== Problem details ==
Reproduce the following material exactly, including every line.

--------

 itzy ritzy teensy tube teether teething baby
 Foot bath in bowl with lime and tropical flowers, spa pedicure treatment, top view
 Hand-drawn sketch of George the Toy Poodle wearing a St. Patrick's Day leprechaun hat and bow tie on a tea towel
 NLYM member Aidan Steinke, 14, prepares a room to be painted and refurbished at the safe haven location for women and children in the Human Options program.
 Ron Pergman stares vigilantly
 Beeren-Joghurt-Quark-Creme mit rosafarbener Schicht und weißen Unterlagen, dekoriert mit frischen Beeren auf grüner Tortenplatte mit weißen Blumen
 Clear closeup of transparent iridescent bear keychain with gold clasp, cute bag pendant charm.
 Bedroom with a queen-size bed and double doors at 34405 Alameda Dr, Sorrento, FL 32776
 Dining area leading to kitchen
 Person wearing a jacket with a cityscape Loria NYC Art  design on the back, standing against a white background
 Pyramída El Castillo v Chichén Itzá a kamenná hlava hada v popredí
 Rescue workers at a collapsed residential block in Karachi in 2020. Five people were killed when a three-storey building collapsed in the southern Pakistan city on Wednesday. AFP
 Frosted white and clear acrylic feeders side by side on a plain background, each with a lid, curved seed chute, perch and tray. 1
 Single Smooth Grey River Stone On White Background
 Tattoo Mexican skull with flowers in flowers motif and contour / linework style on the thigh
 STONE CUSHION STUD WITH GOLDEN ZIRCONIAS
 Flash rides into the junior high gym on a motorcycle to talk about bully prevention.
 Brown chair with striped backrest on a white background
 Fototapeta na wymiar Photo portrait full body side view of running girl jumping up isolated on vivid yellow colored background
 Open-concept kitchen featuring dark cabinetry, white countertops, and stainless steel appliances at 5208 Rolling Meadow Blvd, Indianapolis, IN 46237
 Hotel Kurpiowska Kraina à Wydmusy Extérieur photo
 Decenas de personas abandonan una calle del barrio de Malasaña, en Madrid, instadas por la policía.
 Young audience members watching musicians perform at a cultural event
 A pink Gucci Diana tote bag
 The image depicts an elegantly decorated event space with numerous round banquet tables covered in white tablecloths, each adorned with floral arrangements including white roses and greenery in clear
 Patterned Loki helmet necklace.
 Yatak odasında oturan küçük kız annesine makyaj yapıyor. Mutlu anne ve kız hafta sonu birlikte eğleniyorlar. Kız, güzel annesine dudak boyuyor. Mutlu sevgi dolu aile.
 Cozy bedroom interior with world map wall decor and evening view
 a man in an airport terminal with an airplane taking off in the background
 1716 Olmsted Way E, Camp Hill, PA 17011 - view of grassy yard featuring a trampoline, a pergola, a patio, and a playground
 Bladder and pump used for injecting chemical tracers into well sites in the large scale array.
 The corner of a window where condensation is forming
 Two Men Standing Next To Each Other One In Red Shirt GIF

--------

== Response area ==
 itzy ritzy teensy tube teether teething baby
 Foot bath in bowl with lime and tropical flowers, spa pedicure treatment, top view
 Hand-drawn sketch of George the Toy Poodle wearing a St. Patrick's Day leprechaun hat and bow tie on a tea towel
 NLYM member Aidan Steinke, 14, prepares a room to be painted and refurbished at the safe haven location for women and children in the Human Options program.
 Ron Pergman stares vigilantly
 Beeren-Joghurt-Quark-Creme mit rosafarbener Schicht und weißen Unterlagen, dekoriert mit frischen Beeren auf grüner Tortenplatte mit weißen Blumen
 Clear closeup of transparent iridescent bear keychain with gold clasp, cute bag pendant charm.
 Bedroom with a queen-size bed and double doors at 34405 Alameda Dr, Sorrento, FL 32776
 Dining area leading to kitchen
 Person wearing a jacket with a cityscape Loria NYC Art  design on the back, standing against a white background
 Pyramída El Castillo v Chichén Itzá a kamenná hlava hada v popredí
 Rescue workers at a collapsed residential block in Karachi in 2020. Five people were killed when a three-storey building collapsed in the southern Pakistan city on Wednesday. AFP
 Frosted white and clear acrylic feeders side by side on a plain background, each with a lid, curved seed chute, perch and tray. 1
 Single Smooth Grey River Stone On White Background
 Tattoo Mexican skull with flowers in flowers motif and contour / linework style on the thigh
 STONE CUSHION STUD WITH GOLDEN ZIRCONIAS
 Flash rides into the junior high gym on a motorcycle to talk about bully prevention.
 Brown chair with striped backrest on a white background
 Fototapeta na wymiar Photo portrait full body side view of running girl jumping up isolated on vivid yellow colored background
 Open-concept kitchen featuring dark cabinetry, white countertops, and stainless steel appliances at 5208 Rolling Meadow Blvd, Indianapolis, IN 46237
 Hotel Kurpiowska Kraina à Wydmusy Extérieur photo
 Decenas de personas abandonan una calle del barrio de Malasaña, en Madrid, instadas por la policía.
 Young audience members watching musicians perform at a cultural event
 A pink Gucci Diana tote bag
 The image depicts an elegantly decorated event space with numerous round banquet tables covered in white tablecloths, each adorned with floral arrangements including white roses and greenery in clear
 Patterned Loki helmet necklace.
 Yatak odasında oturan küçük kız annesine makyaj yapıyor. Mutlu anne ve kız hafta sonu birlikte eğleniyorlar. Kız, güzel annesine dudak boyuyor. Mutlu sevgi dolu aile.
 Cozy bedroom interior with world map wall decor and evening view
 a man in an airport terminal with an airplane taking off in the background
 1716 Olmsted Way E, Camp Hill, PA 17011 - view of grassy yard featuring a trampoline, a pergola, a patio, and a playground
 Bladder and pump used for injecting chemical tracers into well sites in the large scale array.
 The corner of a window where condensation is forming
 Two Men Standing Next To Each Other One In Red Shirt GIF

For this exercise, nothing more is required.